### TASK DIRECTIONS
With the images removed, write out each record exactly as given.

### INPUT DATA
☆ ☆ ☆ ☆
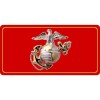usmc marine corps eagle globe anchor insignia logo red license plate usa made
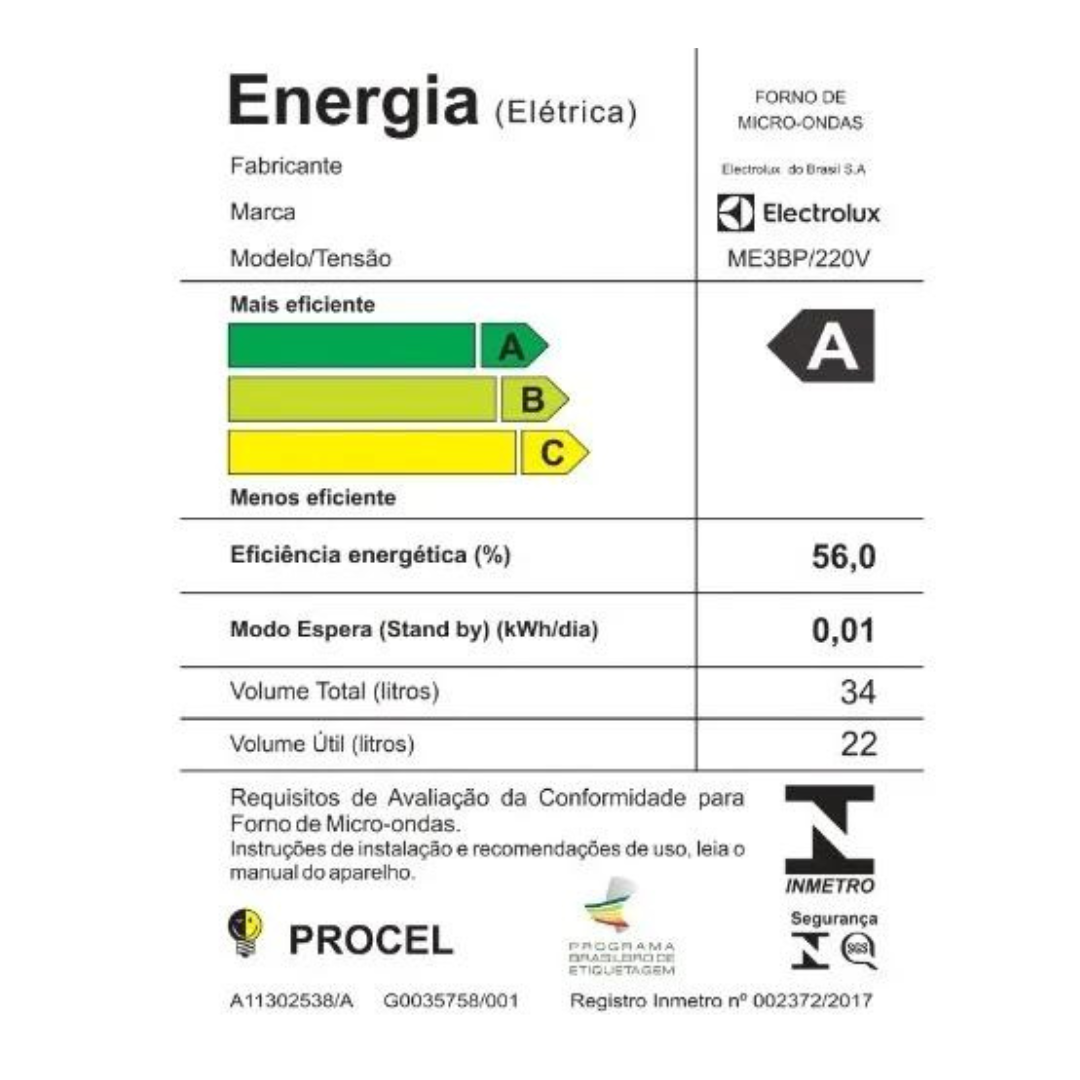 Micro-ondas de Embutir Electrolux 34L  Experience Descongelamento Assistido Preto 220V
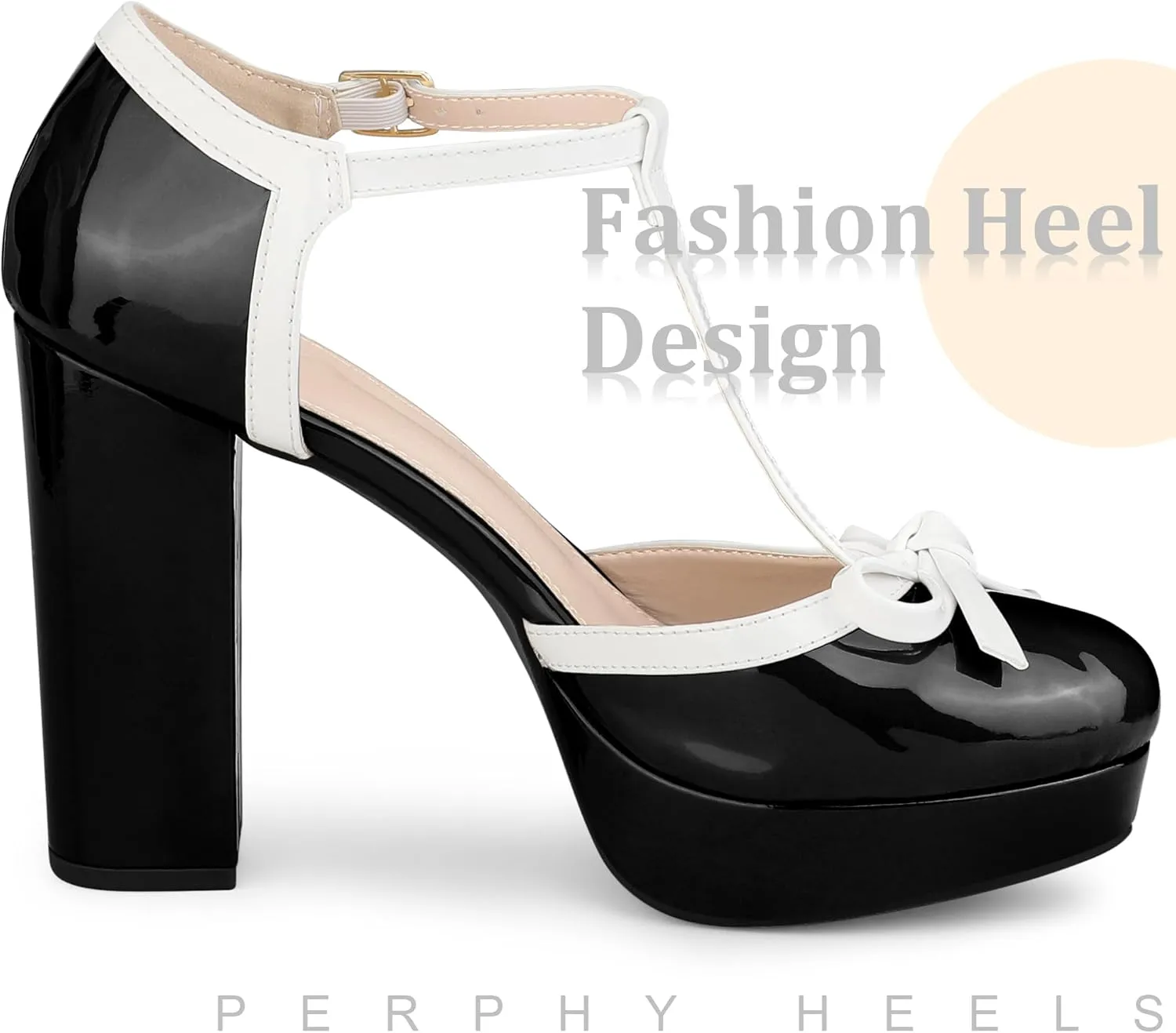 Perphy Bow T-Strap Platform Chunky Heels Pumps for Women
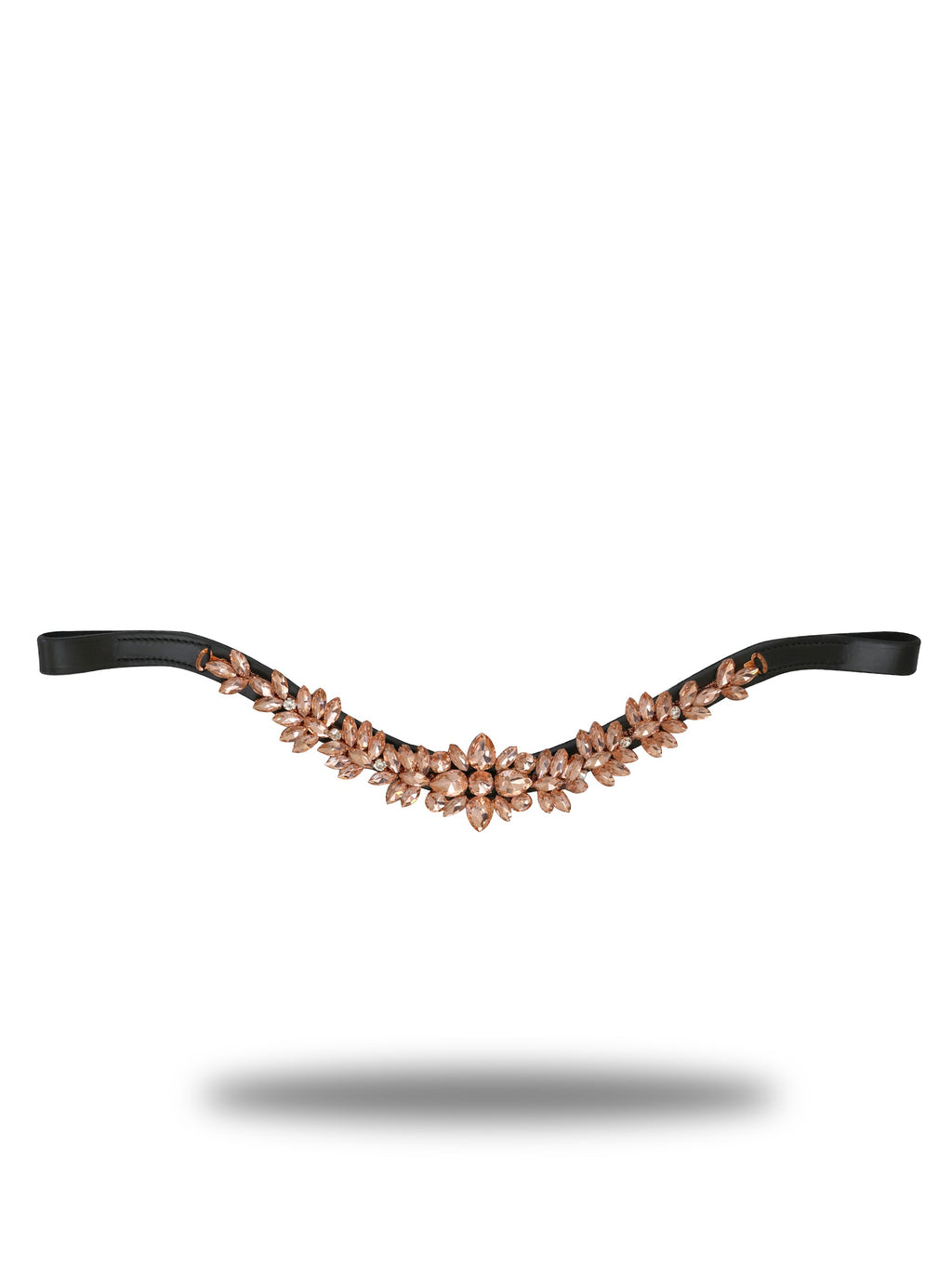 Browband- Copper Crystal V Shape in Brown Leather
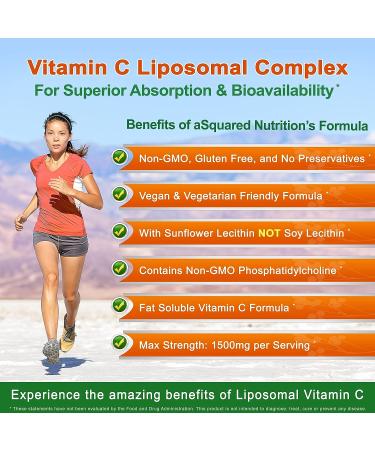 ASquared Nutrition Vitamin C Liposomal Complex 1500mg - 180 Capsules for Immune Support & Collagen Health - High Absorption Ascorbic Acid Supplement - Buy Online on GoSupps.com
☆ ☆ ☆ ☆
### RESPONSE FOR THIS EXERCISE
usmc marine corps eagle globe anchor insignia logo red license plate usa made
 Micro-ondas de Embutir Electrolux 34L  Experience Descongelamento Assistido Preto 220V
 Perphy Bow T-Strap Platform Chunky Heels Pumps for Women
 Browband- Copper Crystal V Shape in Brown Leather
 ASquared Nutrition Vitamin C Liposomal Complex 1500mg - 180 Capsules for Immune Support & Collagen Health - High Absorption Ascorbic Acid Supplement - Buy Online on GoSupps.com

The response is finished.